■ **Exercise**
Among the lines of data below, reproduce only those from the one with "2주간의 등락률 변동정보" through the one with "ROBERT LAWRENCE PASHLEY", exactly as they stand, both ends included.

■ **Data section**
****************************************
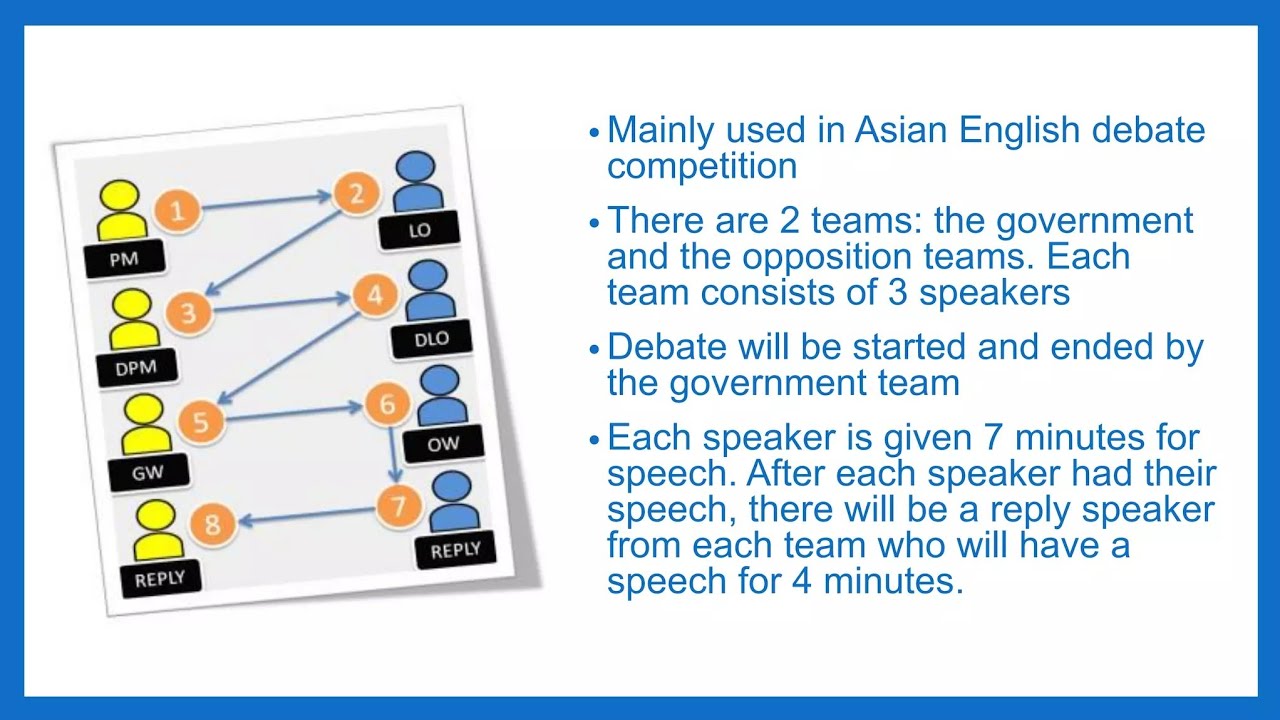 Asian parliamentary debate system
****************************************
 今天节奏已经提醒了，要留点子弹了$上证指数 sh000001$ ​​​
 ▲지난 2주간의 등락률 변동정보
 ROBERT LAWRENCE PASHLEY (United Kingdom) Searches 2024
****************************************
■ **Exercise response**
 ▲지난 2주간의 등락률 변동정보
 ROBERT LAWRENCE PASHLEY (United Kingdom) Searches 2024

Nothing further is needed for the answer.